Earlier this week an international team of investigative journalists blew the whistle on illegal bluefin tuna fishing which created a massive black market for the product and decimated stocks of the species.

Jack Thurston, co-founder of the website fishsubsidy.org, said that the results of the link between subsidies and convictions do not include the full extent of the problem, since European governments are not required to publish comprehensive lists of convictions for illegal fishing. This is the first study that draws the link between subsidies and illegal fishing from information currently on the public record.

“EU Member States should ensure those in receipt of subsidies are not engaged in illegal fishing. Subsidies have in the past fueled overfishing; in the future they must be used to support a transition to more sustainable fishing.” said Markus Knigge of the Pew Environment Group, which commissioned the research into convictions and co-founded the fishsubsidy.org website that tracks EU fisheries subsidies payments.
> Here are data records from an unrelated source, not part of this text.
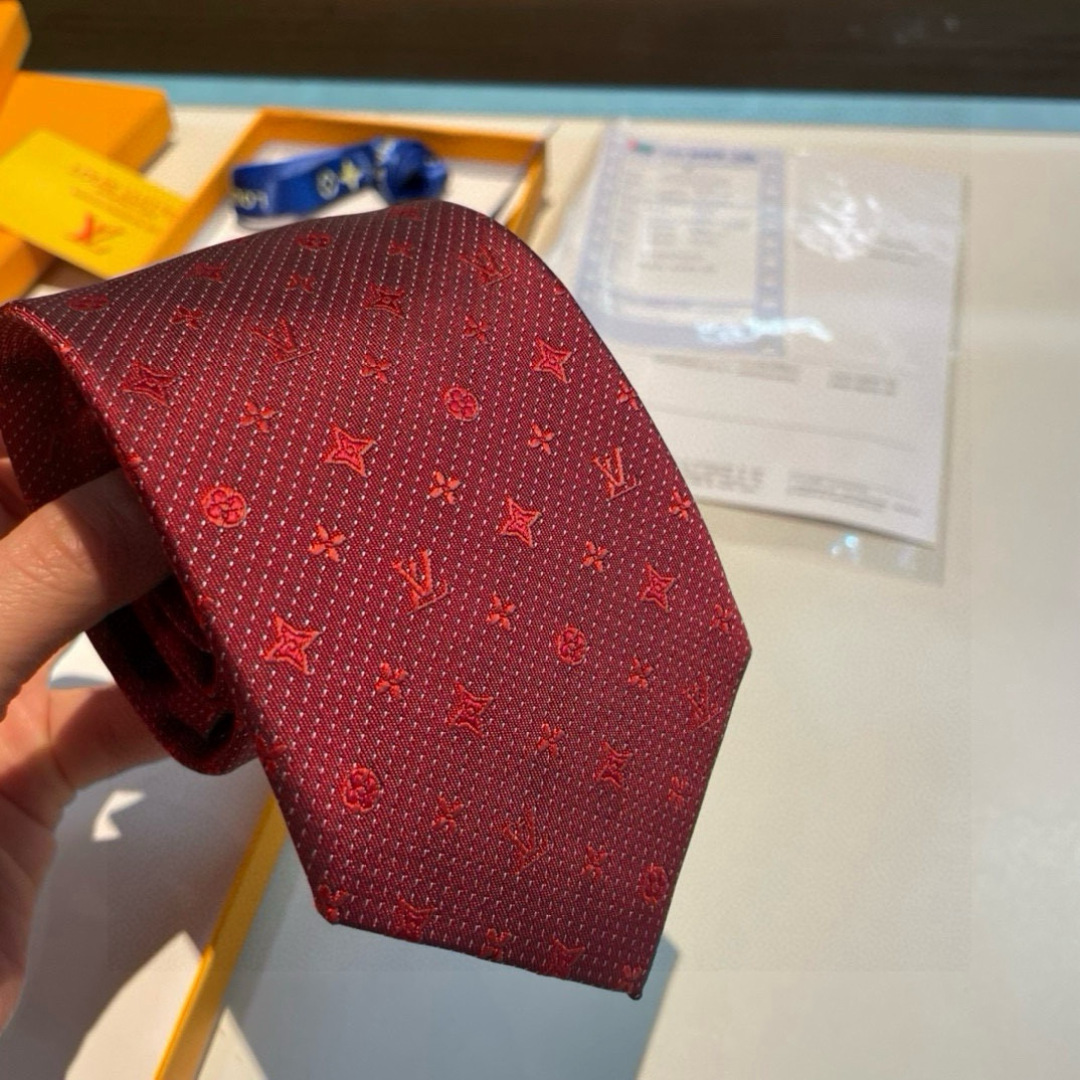 特价👏👏专柜同歩👔👔精致的小Logo提花，低调奢华大气的配色，这款领带将Lv标志性的Damier图案以同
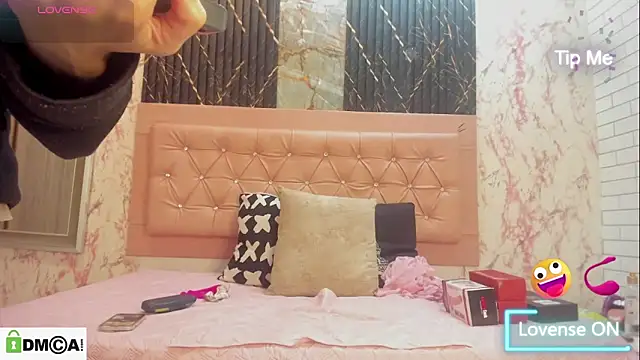 Caroline daring online show from January 13, 1:38 pm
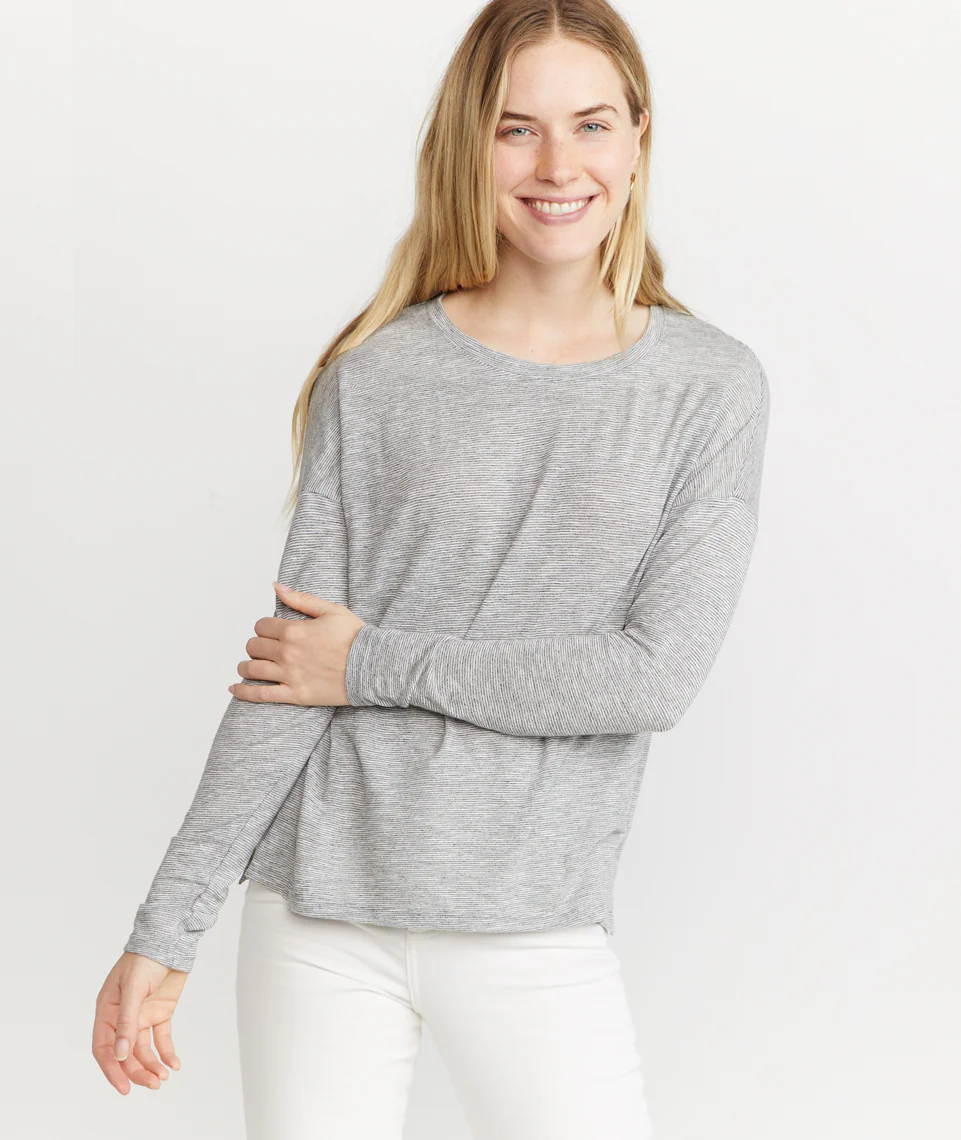 Mona in Long Sleeve Crew in Thin Grey/White Stripe
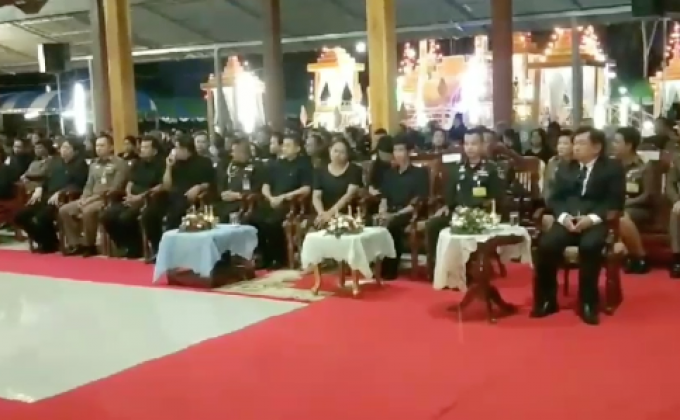 ประชาชนร่วมงานบำเพ็ญกุศลศพ “จ่าแซม”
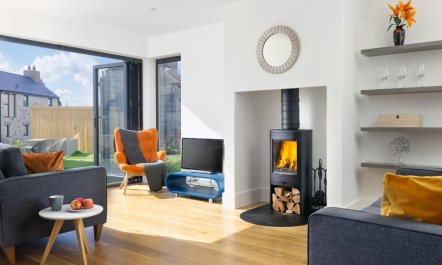 3 Bed in Crossways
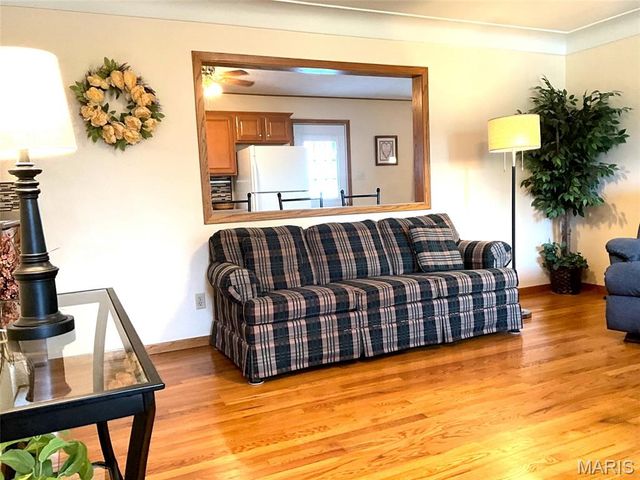 22 Lakeview Drive, Pontoon Beach, IL 62040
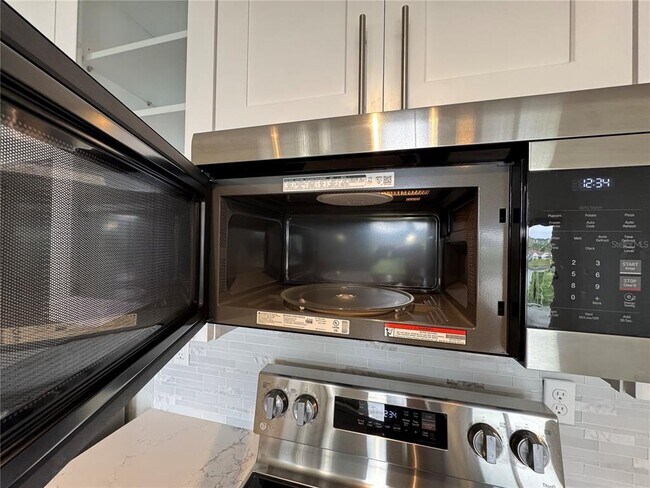 Building Photo - 2569 Grassy Point Dr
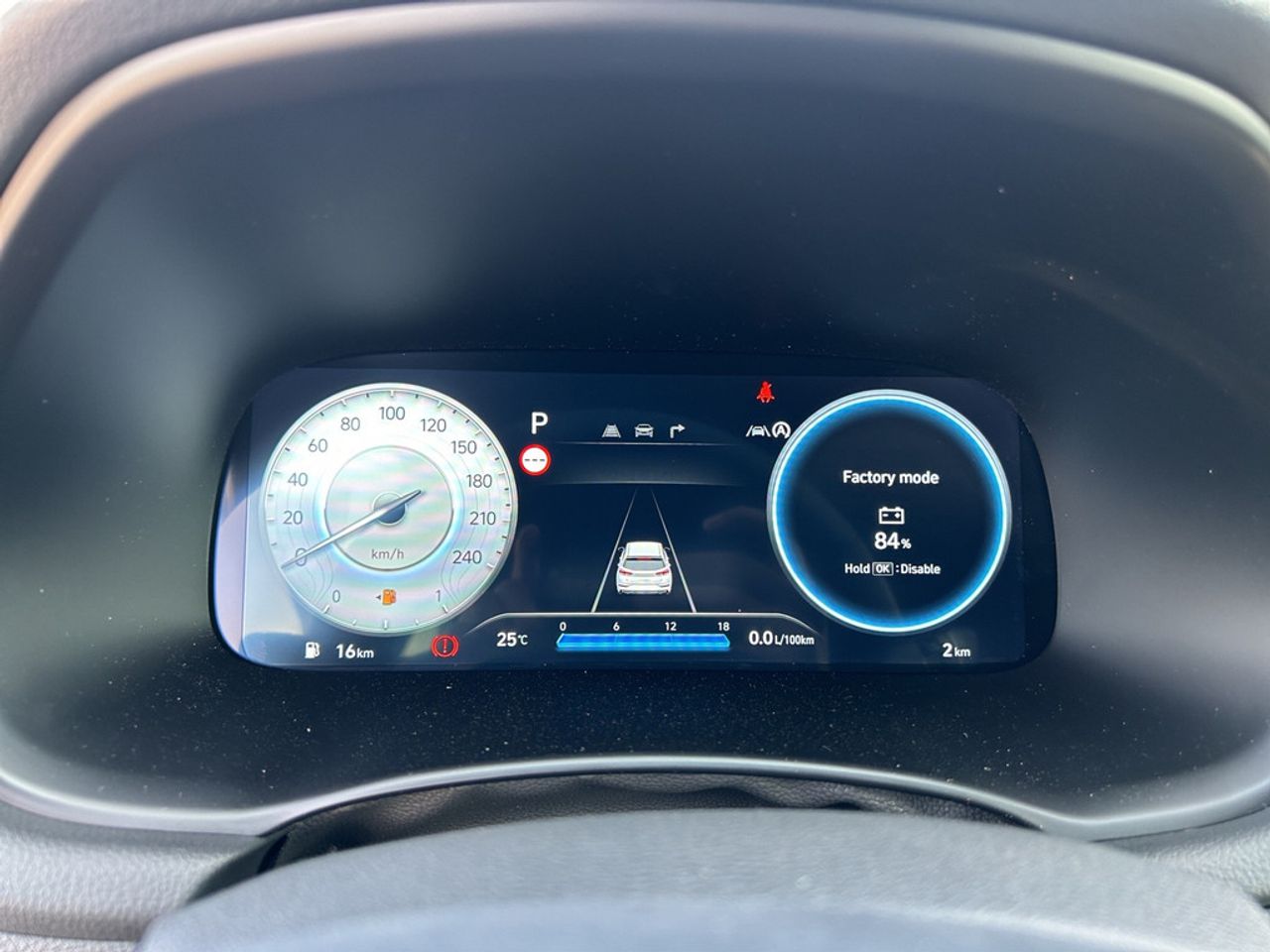 https://csb-strapi-files.fsn1.your-objectstorage.com/inventory-cars/images/75fe97ad885cff799f86af75bd9bd69a305056c6/11_1280_7856.jpg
Five of the vessels on the list received more than 1 million euro each in EU subsidies. They have been convicted of serious infringements ranging from logbook misreporting to captures under minimum size to use of illegal fishing gear and exceeding quota. Some of the vessels on the list have been convicted multiple times and have been heavily fined.

Monday, in Washington, DC, journalists from the D.C.-based International Consortium of Investigative Journalists reported that criminal misconduct on the part of fishermen, traders and fisheries managers has led to the overfishing of eastern Atlantic bluefin tuna over the past decade.